= Beginning of Section =

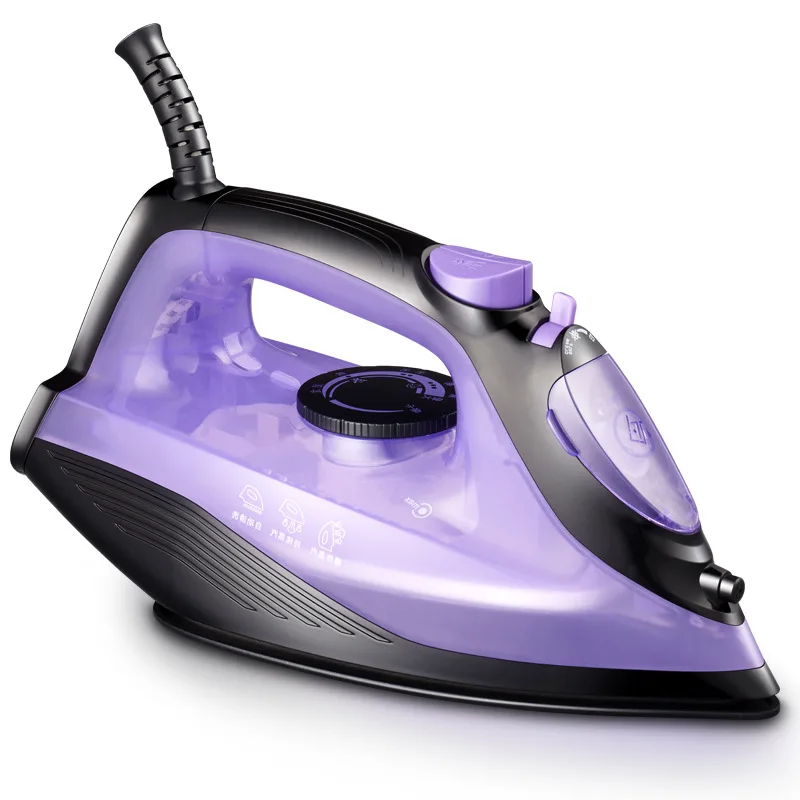 ITAS1302 Electric irons household steam ironing machine handheld clothing steam presses travel super tank
ITAS1302 Electric irons household steam ironing machine handheld clothing steam presses travel super tank
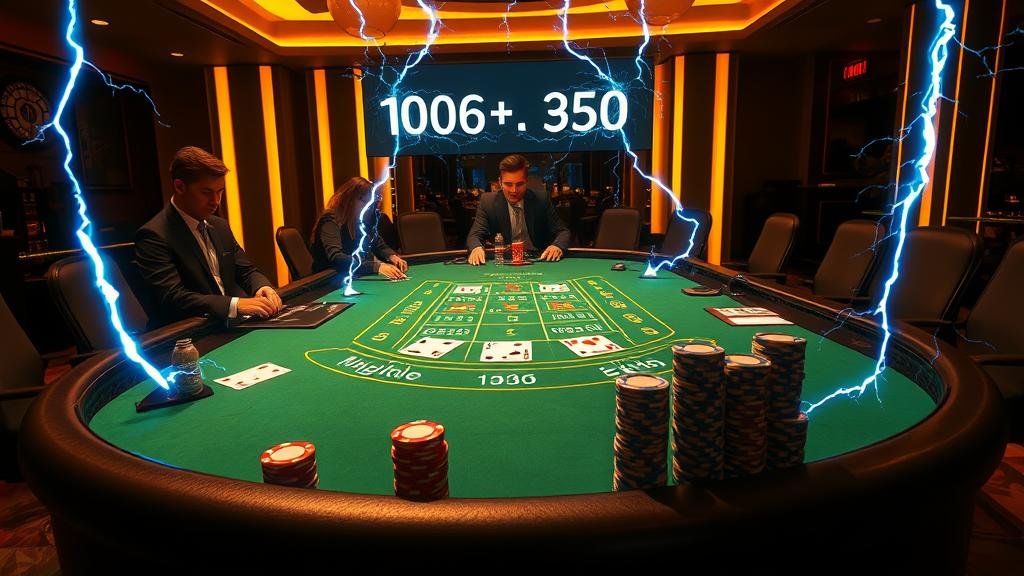 บาคาร่าสายฟ้า: สูตรเด็ดเดินเงิน ฟีโบนัชชี & มาร์ติงเกล ฉบับเข้าใจง่าย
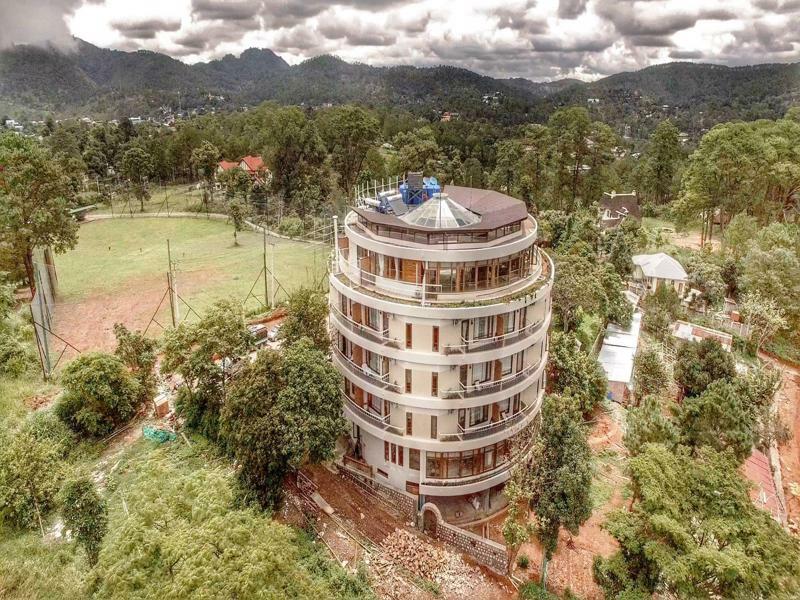 360 Kalaw Hotel Exterior foto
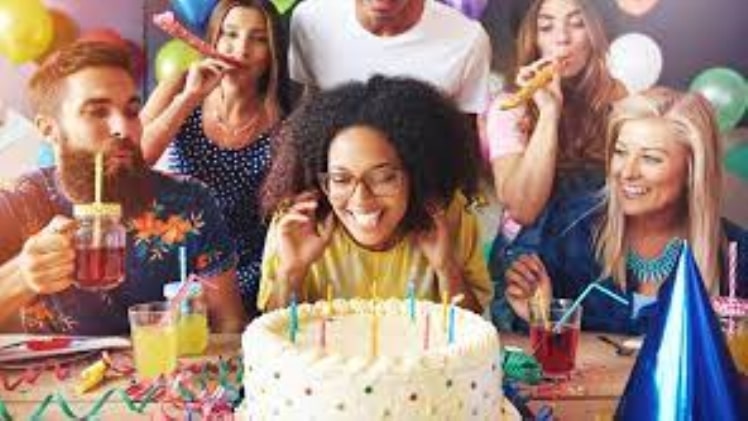 Is it Proper to Blowing Out the Candles on Your Birthday Cake?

= End of Section =

**Problem requirements**: With the pictures left out, output the lines from the one containing "บาคาร่าสายฟ้า: สูตรเด็ดเดินเงิน ฟีโบนัชชี" through the last line of the records above, exactly as they are.

**Result of the task**:
 บาคาร่าสายฟ้า: สูตรเด็ดเดินเงิน ฟีโบนัชชี & มาร์ติงเกล ฉบับเข้าใจง่าย
 360 Kalaw Hotel Exterior foto
 Is it Proper to Blowing Out the Candles on Your Birthday Cake?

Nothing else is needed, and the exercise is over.